BEGIN

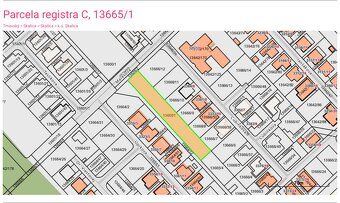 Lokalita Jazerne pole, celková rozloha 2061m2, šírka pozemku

END
BEGIN

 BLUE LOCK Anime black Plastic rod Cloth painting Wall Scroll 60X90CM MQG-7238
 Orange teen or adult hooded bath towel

END

**Instructions to follow**
Return only the stretch of the material above from the line holding "BLUE LOCK Anime" through the line holding "Orange teen or adult hooded bath towel", copied exactly.

**Output of the task**
 BLUE LOCK Anime black Plastic rod Cloth painting Wall Scroll 60X90CM MQG-7238
 Orange teen or adult hooded bath towel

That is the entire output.